リストには『ジャイアント・アントの魔石(小)』と表示された。
次に俺はステータスを確認する。
「ステータスオープン」
クドウ カズト
レベル22
HP :240/240
MP :64/67
力 :168
耐久 :164
敏捷 :369
器用 :340
魔力 :35
対魔力:35
SP :62
JP :30
職業
忍者LV7
狩人LV7
影法師LV5
よし、ちゃんとSPが60ポイント、JPが30ポイント入ってる。
これで『忍者』か『狩人』のどちらかをLV10まで上げることが出来るだろう。
ようやく上位職と第四職業が解放される。
やっぱりこの瞬間はちょっとワクワクするな。
「っと、でもここじゃ流石に拙いよな。
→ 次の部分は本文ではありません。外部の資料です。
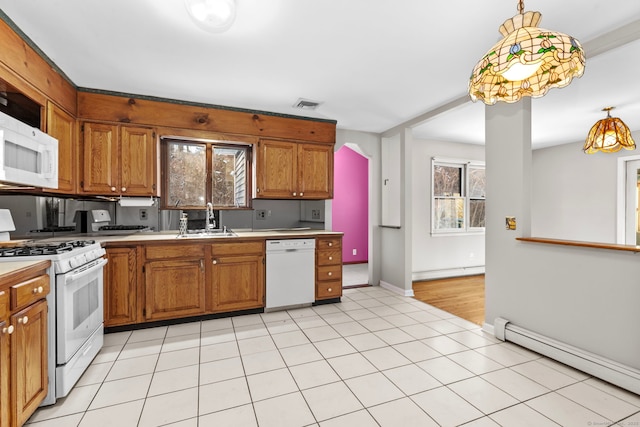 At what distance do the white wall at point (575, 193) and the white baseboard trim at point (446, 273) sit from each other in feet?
5.56

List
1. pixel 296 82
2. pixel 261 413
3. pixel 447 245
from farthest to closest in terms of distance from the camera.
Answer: pixel 447 245
pixel 296 82
pixel 261 413

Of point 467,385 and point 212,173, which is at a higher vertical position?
point 212,173

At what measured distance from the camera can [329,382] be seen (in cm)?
204

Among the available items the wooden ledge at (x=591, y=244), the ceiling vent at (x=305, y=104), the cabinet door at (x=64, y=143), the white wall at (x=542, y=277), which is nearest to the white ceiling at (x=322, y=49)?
the ceiling vent at (x=305, y=104)

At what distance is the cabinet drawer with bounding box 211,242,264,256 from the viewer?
3.16 m

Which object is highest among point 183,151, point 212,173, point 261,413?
point 183,151

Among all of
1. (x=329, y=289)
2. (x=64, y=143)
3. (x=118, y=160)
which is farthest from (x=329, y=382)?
(x=64, y=143)

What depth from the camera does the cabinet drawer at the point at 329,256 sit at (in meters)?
3.67

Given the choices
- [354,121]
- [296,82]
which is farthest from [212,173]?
[354,121]

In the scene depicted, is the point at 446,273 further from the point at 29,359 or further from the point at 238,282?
the point at 29,359

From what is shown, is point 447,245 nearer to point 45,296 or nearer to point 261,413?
point 261,413

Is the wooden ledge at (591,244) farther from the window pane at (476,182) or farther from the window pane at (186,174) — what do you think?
the window pane at (186,174)

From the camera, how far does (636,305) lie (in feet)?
6.30

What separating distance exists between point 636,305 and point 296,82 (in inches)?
121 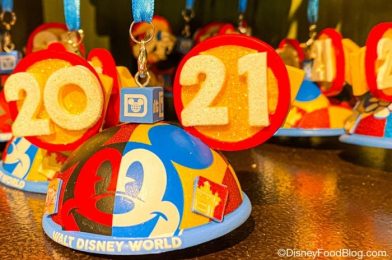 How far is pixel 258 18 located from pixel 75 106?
153cm

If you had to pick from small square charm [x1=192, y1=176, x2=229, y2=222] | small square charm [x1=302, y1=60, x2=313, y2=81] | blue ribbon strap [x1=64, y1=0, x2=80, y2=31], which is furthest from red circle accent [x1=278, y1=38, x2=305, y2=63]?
small square charm [x1=192, y1=176, x2=229, y2=222]

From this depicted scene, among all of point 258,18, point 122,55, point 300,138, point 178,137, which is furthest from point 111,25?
point 178,137

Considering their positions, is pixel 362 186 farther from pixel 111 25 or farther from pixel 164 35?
pixel 111 25

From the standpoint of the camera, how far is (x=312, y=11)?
7.01ft

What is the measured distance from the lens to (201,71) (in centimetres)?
109

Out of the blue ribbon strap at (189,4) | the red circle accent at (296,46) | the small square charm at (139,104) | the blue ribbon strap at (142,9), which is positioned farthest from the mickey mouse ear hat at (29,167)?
the blue ribbon strap at (189,4)

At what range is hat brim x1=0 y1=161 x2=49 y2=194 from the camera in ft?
4.66

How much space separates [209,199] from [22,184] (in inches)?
27.3

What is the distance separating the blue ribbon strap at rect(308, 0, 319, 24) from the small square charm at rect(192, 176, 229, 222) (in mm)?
1333

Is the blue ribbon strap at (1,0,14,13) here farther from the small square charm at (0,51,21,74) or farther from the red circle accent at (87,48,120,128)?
the red circle accent at (87,48,120,128)

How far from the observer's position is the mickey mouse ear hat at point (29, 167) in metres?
1.43

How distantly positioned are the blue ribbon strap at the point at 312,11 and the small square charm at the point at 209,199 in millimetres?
1333

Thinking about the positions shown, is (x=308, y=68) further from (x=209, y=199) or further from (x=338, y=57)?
(x=209, y=199)

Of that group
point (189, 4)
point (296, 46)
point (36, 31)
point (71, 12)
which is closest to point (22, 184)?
point (71, 12) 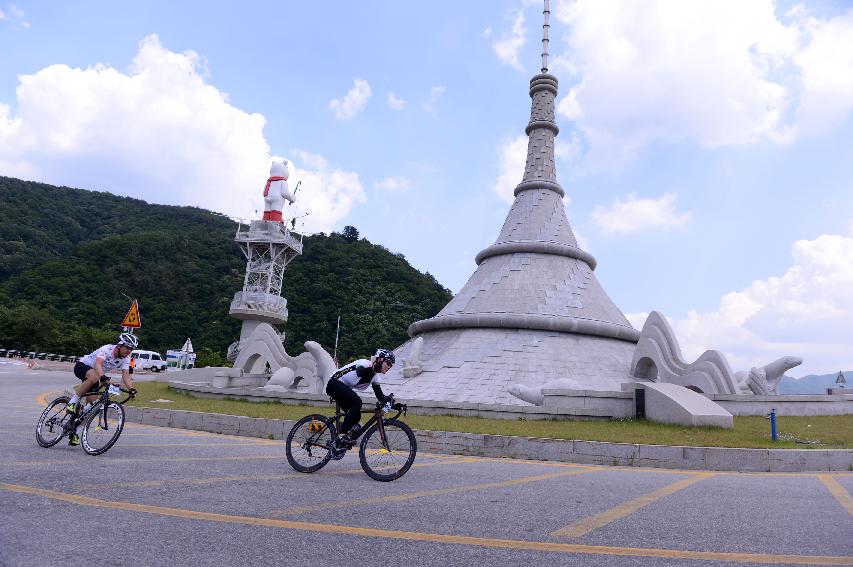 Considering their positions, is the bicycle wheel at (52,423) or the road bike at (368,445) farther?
the bicycle wheel at (52,423)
一旦離れるか……」
かなり派手にやらかしたし、いつ誰が来てもおかしくない。
『索敵』に反応はないが、長居は無用だ。
俺はバイクをアイテムボックスから取り出し、その場を離れようとする。
そして、
その瞬間、
―――不意に、辺りが暗くなった。
「えっ」
ざわりと、背筋がざわめく。
心臓が握り潰されるような 威圧感(プレッシャー) 。
辺り一帯が暗くなる。
それは別に太陽が雲に隠れた訳でも、急に夜になったわけでもない。
ただ、巨大な『何か』が出現したことで、周囲に影が差しただけだ。
地面が揺れる。
舗装されたアスファルトが、周囲の建物が。
ソイツの出現に合わせるように崩壊してゆく。
「ッ……ふざけんなよ……」
よりにもよって、このタイミングで“お前”が出てくるか。
『索敵』が。
『危機感知』が。
『敵意感知』が。
俺の中の全てが警鐘を鳴らす。
ゆっくりと、俺は後ろを向いた。
ソイツ(・・・) は、そこに居た。
「ゥゥ―――ルルルルルゥゥゥゥウウウオオオオオオオオオオオオオオオオオオオオオオオオオオオオオオオオオオオオオオオオオオオオオオオオオオオッッ!」
ビリビリと大気を震わす怒号。
叫びと共に、巨大ゴーレム――ティタンが姿を現した。
「ッ……キキ、アカ、逃げるぞ!」
俺は即座にバイクのエンジンをかける。
(いや、ちょっと待て……?)
即座に逃げようとして、不意に俺はある考えが浮かんだ。
―――これは、ひょっとしてチャンスなんじゃないか?
俺は肩で震えるキキを見る。
キキの能力――― 反射(リフレクション) 。
敵の攻撃をそのまま反射するシンプルにして強力な力。
もし……もし仮にだ。
この力が、コイツにも有効だとすれば――。
相手の力を利用し、相手を自滅させることが出来るのならば。
今この場でコイツを――ティタンを倒す事が出来るかもしれない。